Oregon and Mississippi State — both of which are currently No. 2 seeds — are the reason that Louisville and Notre Dame shouldn’t get too comfortable on the No. 1 seed line. Sweeping the regular-season and conference tournament titles in the Pac-12 and SEC would put the Ducks and Bulldogs in position to grab one of those No. 1 seeds.
But winning the Pac-12 and SEC tournament championships is also only way Oregon and Mississippi State can expect to move into the top four overall. It won’t be easy; the Ducks and Bulldogs have to go through at least two difficult games to win their tournaments, and it’s possible they will face teams in the semifinals that upset them during the regular season (UCLA and Missouri).
The good news for Oregon and Mississippi State is that both are safe bets to be at least No. 2 seeds.

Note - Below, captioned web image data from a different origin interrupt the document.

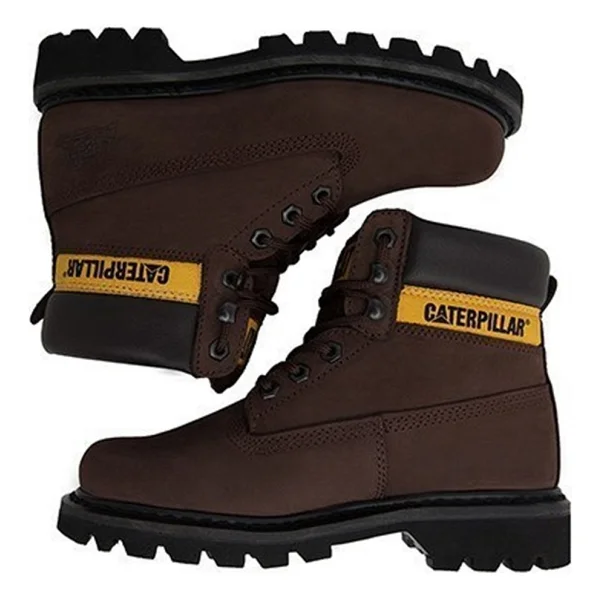 Cat Colorado 015m100031-C1527 Chocolate Erkek Nubuk Bot - Görsel 5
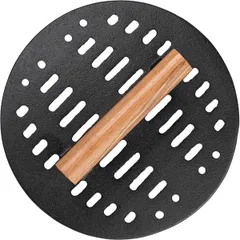 Пресс для гриля «Эмбер Каст Мэтт» чугун,дерево D=23см черный,древесн., изображение 3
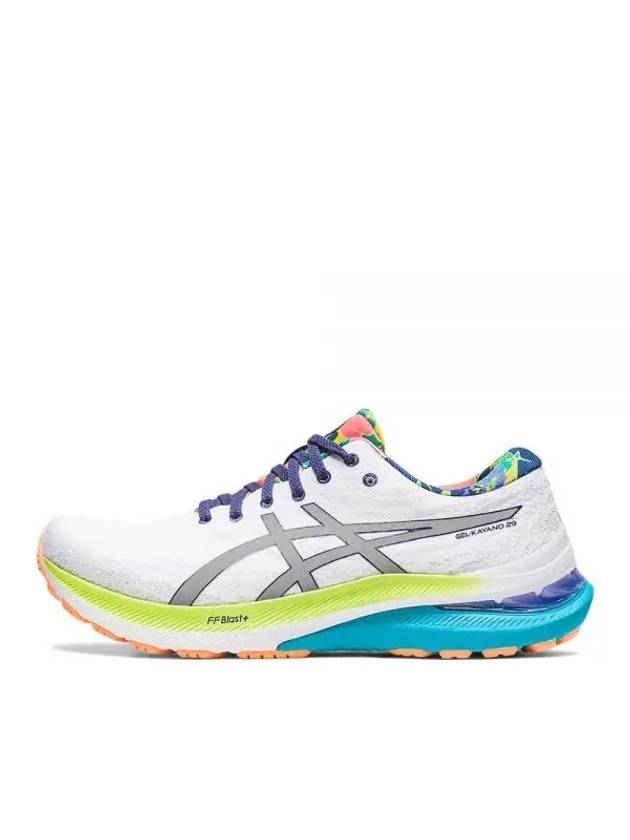 23 Gel Kayano 29 Lite-Show Low Top Sneakers White Green Blue - ASICS - BALAAN 1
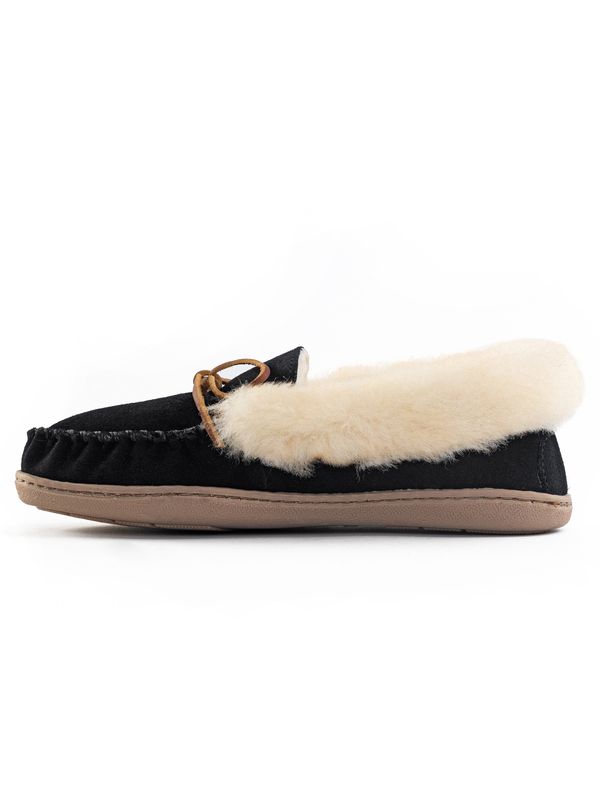 Minnetonka Minnetonka Mokasinke 'Alpinsheepskin'  boja pijeska / svijetlosmeđa / crna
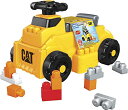 メガブロック メガコンストラックス 組み立て 知育玩具 MEGA BLOKS Cat Fisher-Price Toddler Blocks Building Toy, Large Dump Truck with 11 Pieces and Storage, Yellow, Gift Ideas for Kidsメガブロック メガコンストラックス 組み立て 知育玩具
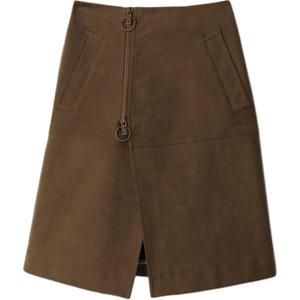 Хлопковая миди-юбка Burberry, Umber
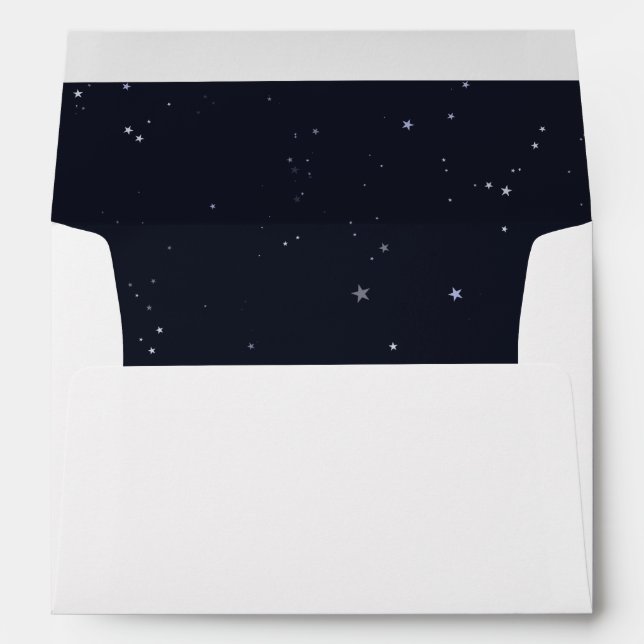 Enveloppe Starry Night Faire-part de mariage (Dos (Bas))
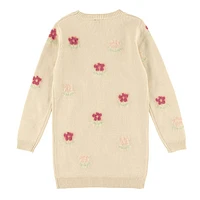 Flowers Melody Knit Dress 2-8y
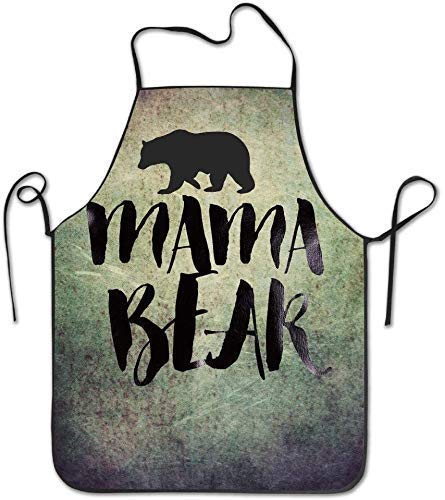 Mama Bear Matching Family Aprons Set - Kitchen Cooking, Baking, Gardening & Crafting Essentials for Parents & Kids | Perfect for Family Cooking, Holiday Baking & DIY Projects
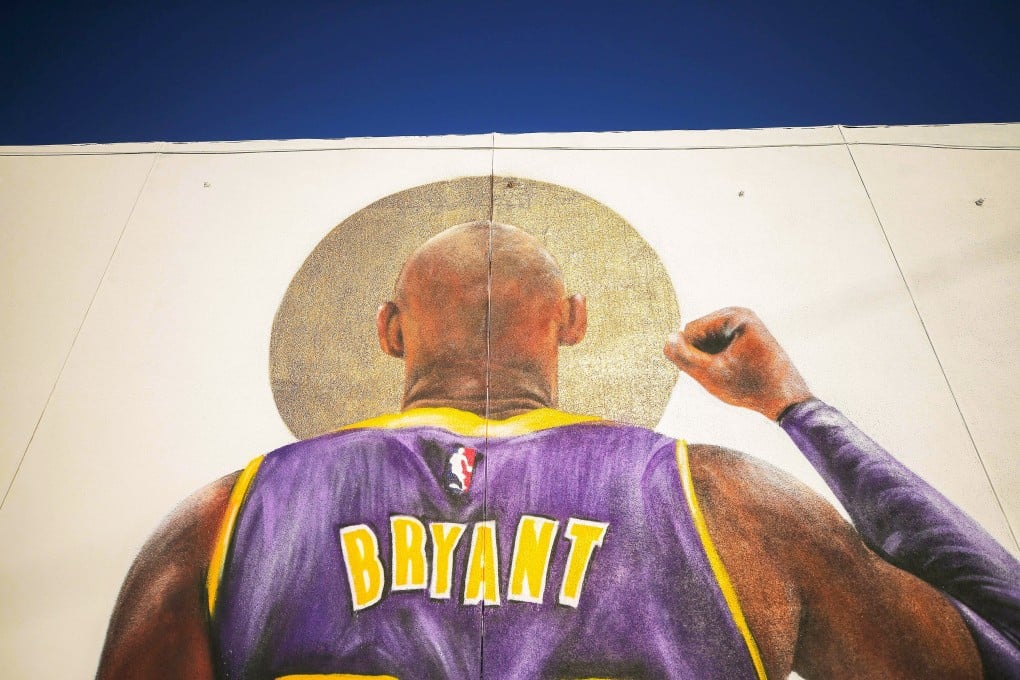 A mural depicting deceased NBA star Kobe Bryant in Burbank, California. Photo: AFP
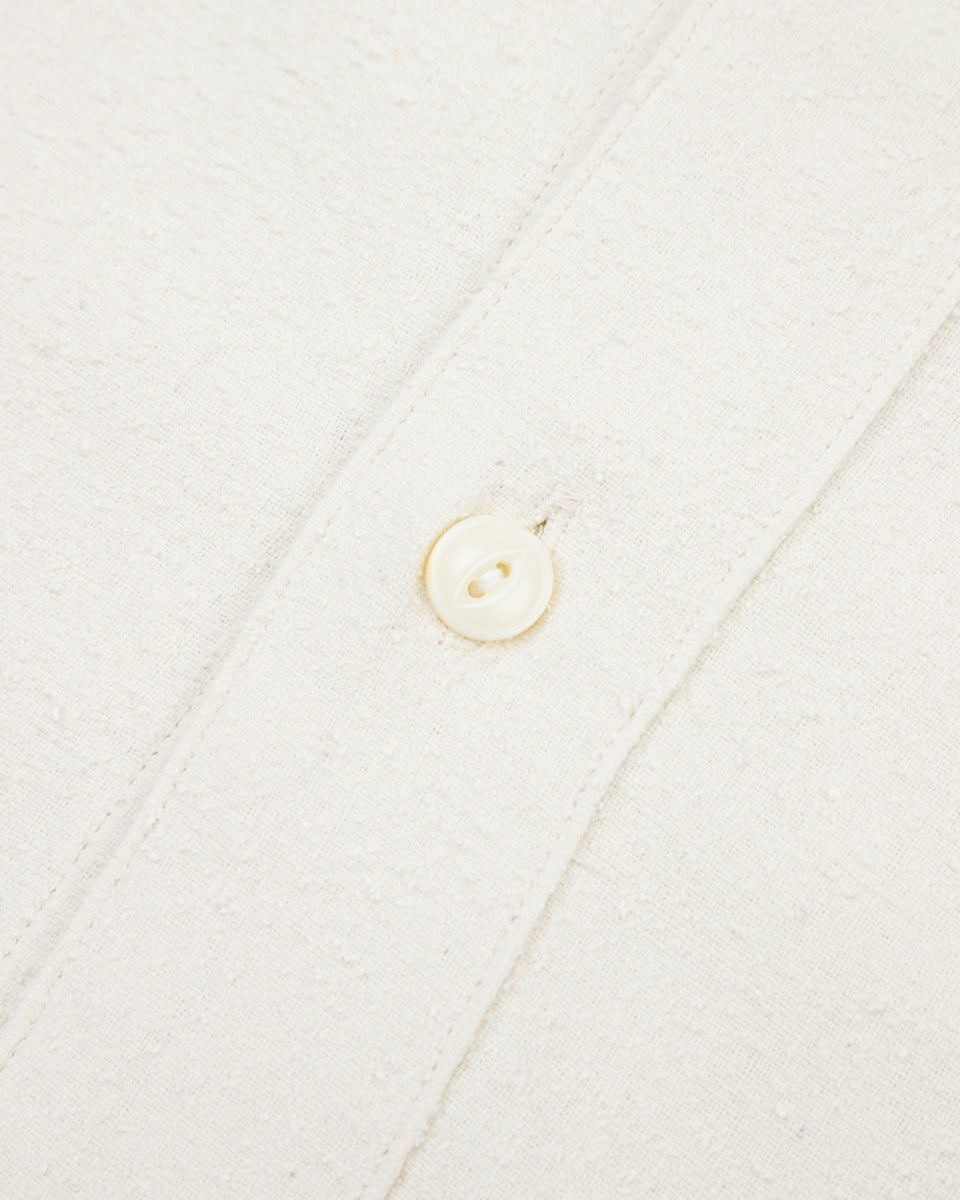 MotivMfg Draughtsman Shirt  - Eggshell Tussah Silk - Standard & Strange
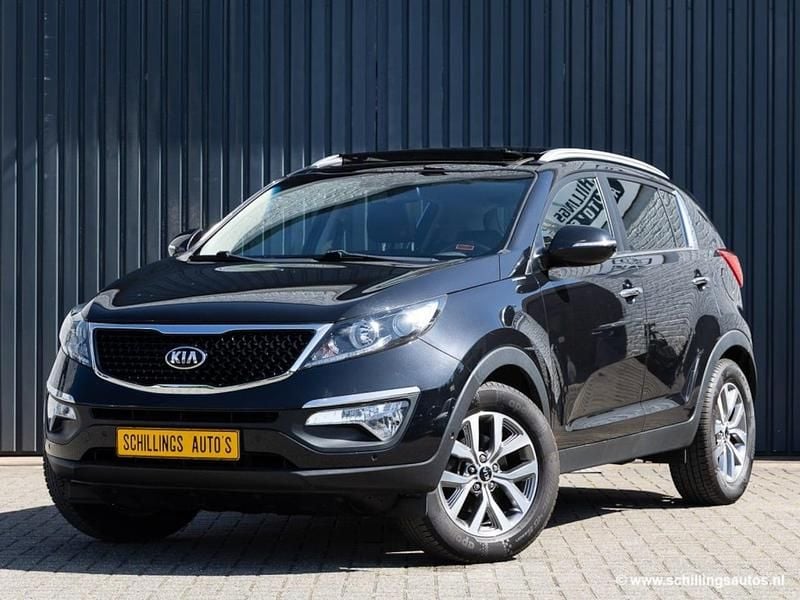 Zwart Gebruikt 2015 Kia Sportage SUV | € 15.200 (Eerlijke prijs) - Afbeelding 1/4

Oregon has a chance to sweep the Pac-12 for the second straight season, and Mississippi State is looking to win the SEC tournament after failing to do so last year during an otherwise perfect SEC season for the Bulldogs.
Which mid-majors will impact the bubble?
Few NCAA tournament locks exist in this season of upheaval. But Central Michigan, Gonzaga, Drake, South Dakota and South Dakota State are going to make the NCAA tournament, either as an automatic qualifier by winning their conference tournaments or as an at-large. Bubble teams need this quintet to earn automatic bids.
For example, if Missouri Valley favorite Drake wins its conference tournament, it will be the only team from the MVC in the NCAA tournament field. But if Drake stumbles, the MVC becomes a two-bid league (Drake plus whichever teams wins the conference’s automatic bid). Upsets will reduce the number of at-large bids available.
So bubble teams like Indiana, LSU, Auburn, Tennessee, Kansas State, TCU and West Virginia should eagerly be paying attention to conference tournament results in the Summit League and the Mid-American, West Coast and Missouri Valley conferences.
There is good news for fence-sitters. In the Summit, either South Dakota or South Dakota State can win and not disrupt things. BYU is also a strong at-large candidate, so the WCC gives the bubble teams two chances at safety. Buffalo is a bubble team, too, so the rest of the group would benefit if the Bulls were eliminated early in the MAC tournament (which doesn’t open until Monday), and if CMU makes a title run.
Likewise, teams in the middle of the SEC and Big 12 want to see Rice run the table in Conference USA. A loss by the Owls would create more bubble competition.
Who rises in the Big 12?
Kansas State, TCU and West Virginia could really help themselves by making a run in Oklahoma City, which is where the Big 12 tournament will be played Friday-Monday.
Unbeaten and barely challenged throughout conference play, Baylor is the big favorite and Iowa State and Texas will make the NCAA field. For the Big 12 to get a fourth or fifth team in, the aforementioned mid-major quintet must win out, and two among the Wildcats, Horned Frogs and Mountaineers will have to reach the Big 12 tournament semifinals. The middle rounds at Chesapeake Energy Arena will be games to watch.
Can anyone make a move in the SEC?
The same can be said for the SEC, but the implications run deeper in Greenville, South Carolina.
Let’s start with bubble teams Auburn, LSU and Tennessee. The Lady Vols’ ability to keep their streak of 37 straight NCAA tournament appearances going likely rides on Thursday’s second-round game against the Tigers. That is the most impactful early-round game in any tournament. The loser of that matchup is out for good.
Much of the deciding factors for the top 16 — those teams hosting first- and second-round NCAA tournament games — also will be determined by the SEC. Texas A&M, the committee’s No. 16 team overall, can’t afford a stumble. A potential quarterfinal loss to Auburn would be good for the league — it would help the Tigers get into the NCAA tournament — but bad for the Aggies, who would immediately fall out of the top 16.
Kentucky and Missouri are also in the hunt. The Wildcats and Tigers could meet in the quarterfinals; the loser has no chance to finish among the top 16.
And could either challenge Mississippi State in a potential semifinal clash? Missouri beat the Bulldogs 75-67 in mid-February. A repeat upset would give Sophie Cunningham at least one more game in her hometown of Columbia, Missouri.